Activity 1: Discovering Patterns! (Recognize)


Ask students to identify patterns in and around the school. To do this, suggest that they look closely at the walls, floors, windows, landscaping, etc.

Help them to discover patterns by asking questions such as:

  • Look at the walls (windows, bricks, etc.) of the school. What patterns do you see?
  • Is there a consistent order (or core) in the way the windows are arranged (bricks, tiles covering the floors, trees, etc.)?
  • Can you describe a rule? (Examples of a rule: on this outside wall, there is always a wall section followed by two windows, there are always two bricks followed by a brick with an orange line.)

Next, ask them to represent, using concrete materials or a drawing, an observed pattern rule. The students must then create a pattern to show that there is indeed a consistent pattern rule.

Source : Guide d’enseignement efficace des mathématiques de la maternelle à la 3e année, p. 46.

Activity 2: The Pattern Musem (Describe)


Create a "pattern museum" on a bulletin board with pictures or drawings of patterns discovered at home. Ask students relevant thought-provoking questions, such as:

  • How would you describe the "museum" to someone who comes to visit our classroom?
  • Do all these examples have patterns? How do you know?
  • If you had to group some of these images together, which ones would you put together and why?

This questioning prompts students to discuss the kinds of patterns in the "museum" and the characteristics of a pattern.

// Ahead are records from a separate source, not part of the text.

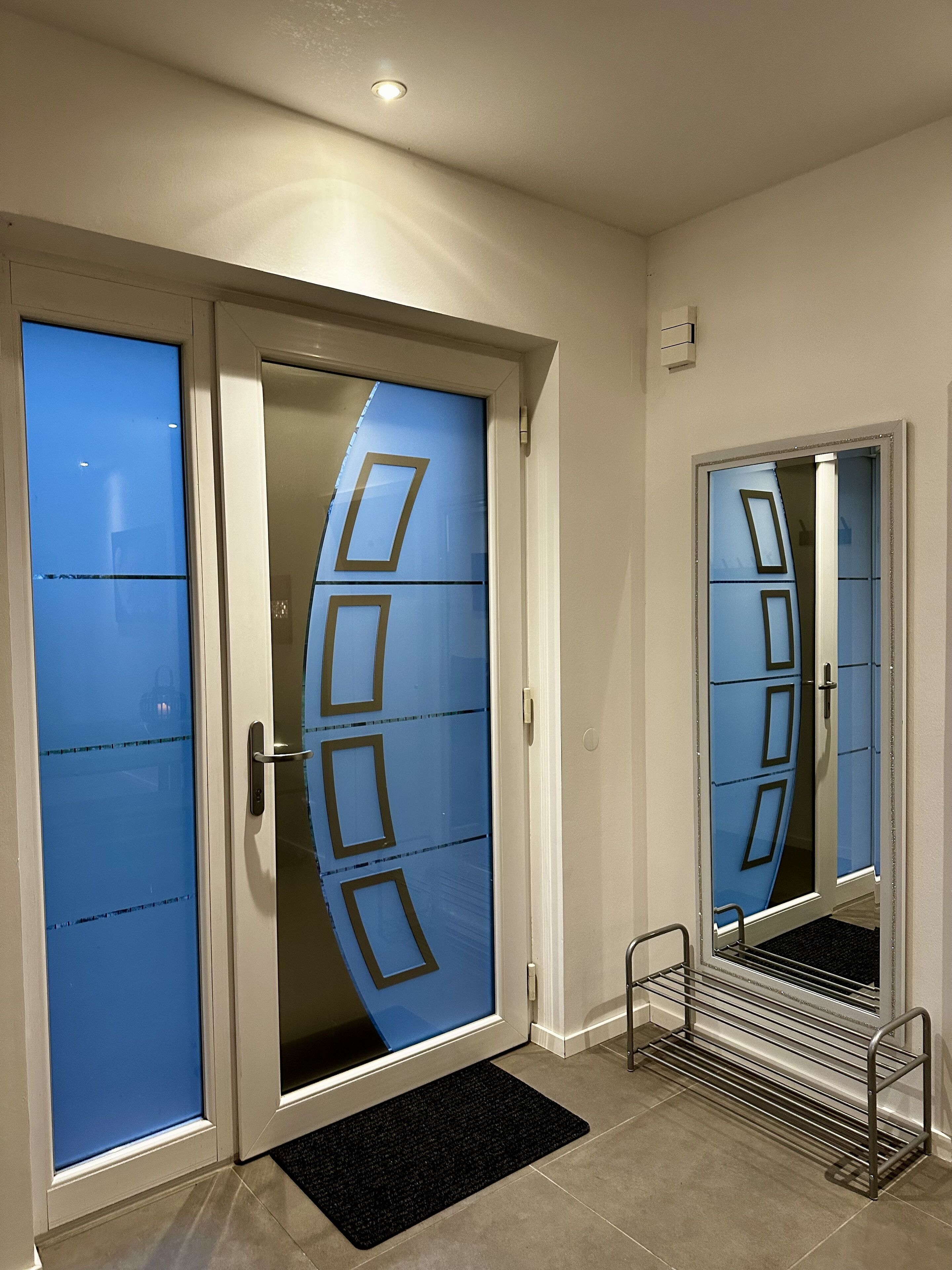 A room with two doors, one with a blue glass panel and the other with a mirrored door. There is a small step with a metal handrail leading to the door.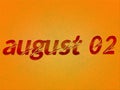 02 august, Monthly Calendar on yellow Background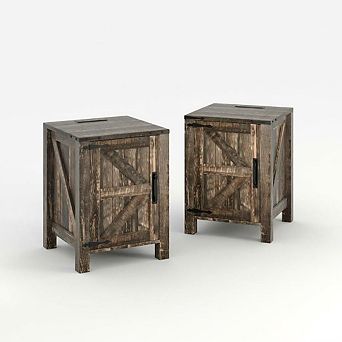 Farmhouse Nightstand with USB Charging Station, Rustic Bedside Table with Sliding Barn Door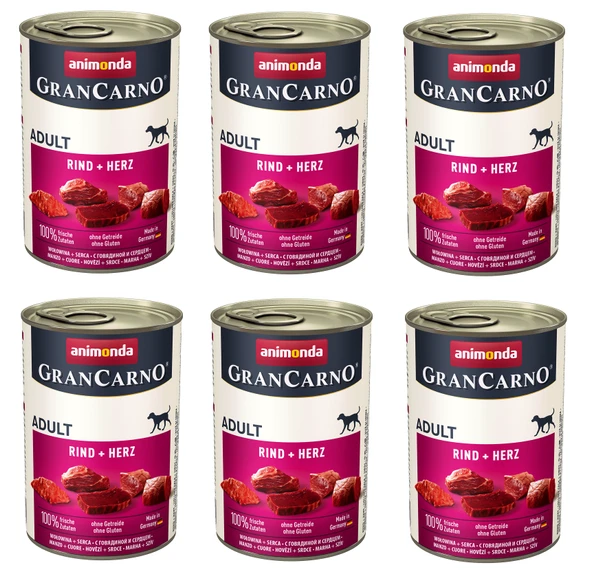 Animonda Gran Carno Sığır ve Yürekli Köpek Konserve 400 Gr. X 6 Adet ürün görseli 1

Source : Guide d’enseignement efficace des mathématiques de la maternelle à la 3e année, p. 47.

Activity 3: From Which Country? (Describe)


Fabrics have always been a way to express the cultural heritage of a people. That is why the colours and patterns of fabrics often give a clue as to the nationality of the people.

Show students a piece of fabric. Ask them to describe the patterns in the fabric, focusing on patterns and colours, explain how the same pattern can look very different if one of the attributes is colour, and compare the patterns in the fabric with the patterns on their own clothes.

Exploring fabrics allows students to discover different cultural expressions and understand how the mathematics they learn in school relates to the world around them.

Source : Guide d’enseignement efficace des mathématiques de la maternelle à la 3e année, p. 47.

Activity 4: Corresponding Non-Number Patterns


Summary

This activity is an introduction to the concept of pattern structure. Students will associate a letter with each position or sound in the pattern created to represent the structure of the pattern.

Materials

  • table

Action

Tell students that they will be involved in the creation of a pattern and that observation will be required to discover the attributes used to create it.

Choose positions and sounds to form a pattern that includes two different attributes (for example, standing and slapping hips; sitting and snapping fingers).

Invite a person to come to the front of the class and whisper to them to stand and tap their hips.

Invite two more people to come up and say they will be extending the pattern. Whisper to them, in turn, to sit on the floor and snap their fingers.

Invite another person to come to the front of the class and whisper to them to stand and pat their hips.

Continue until there are three repetitions of the pattern.

Ask students to observe the pattern rule being formed, raise their hands after identifying it, and then come to extend the pattern, one person at a time, and justify their choice. Give all students a chance to extend the pattern.

Review the pattern rule by asking students the following questions:

  • What repeats itself in the pattern we have just formed?
  • What are the attributes used to create the pattern?
  • What other attributes could be used?

Then explain to students that every time someone is standing and slapping their hips, that element of the pattern corresponds to the letter A and every time someone is sitting and snapping their fingers, that element of the pattern corresponds to the letter B.

Ask students to explain how to write the structure of the pattern using the letters A and B. Write the answer on the board (ABB ABB ABB…) and review the correspondence of standing and slapping their hips and sitting and snapping their fingers using the letters A and B. Explain to students that the letters are used to represent the structure of the pattern.

Continue the activity using other structures to create new patterns of positions or movements and sounds.

Source : Guide d’enseignement efficace des mathématiques de la maternelle à la 3e année, p. 128-129.